*** EXERCISE MATERIAL Section Begins ***

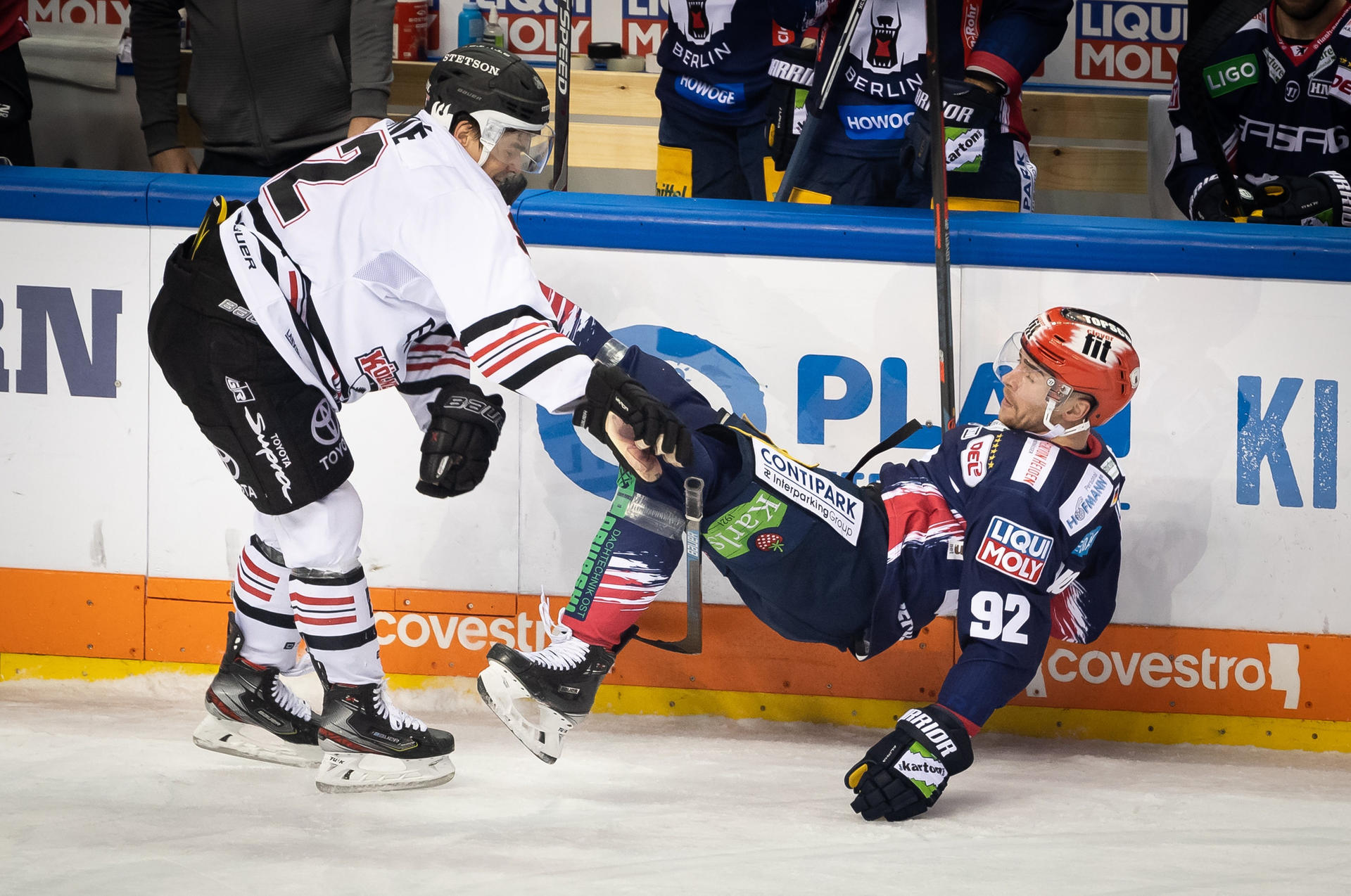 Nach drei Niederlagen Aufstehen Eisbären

*** EXERCISE MATERIAL Section Ends ***
*** EXERCISE MATERIAL Section Begins ***

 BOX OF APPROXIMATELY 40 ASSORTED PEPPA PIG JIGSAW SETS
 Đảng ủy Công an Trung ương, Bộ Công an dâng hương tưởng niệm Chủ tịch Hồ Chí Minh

*** EXERCISE MATERIAL Section Ends ***

◆ DIRECTIONS FOR THIS TASK ◆
Return only the part of the records above that opens with the line containing "BOX OF APPROXIMATELY" and closes with the line containing "Đảng ủy Công", ends included.

◆ ANSWER FOR THE TASK ◆
 BOX OF APPROXIMATELY 40 ASSORTED PEPPA PIG JIGSAW SETS
 Đảng ủy Công an Trung ương, Bộ Công an dâng hương tưởng niệm Chủ tịch Hồ Chí Minh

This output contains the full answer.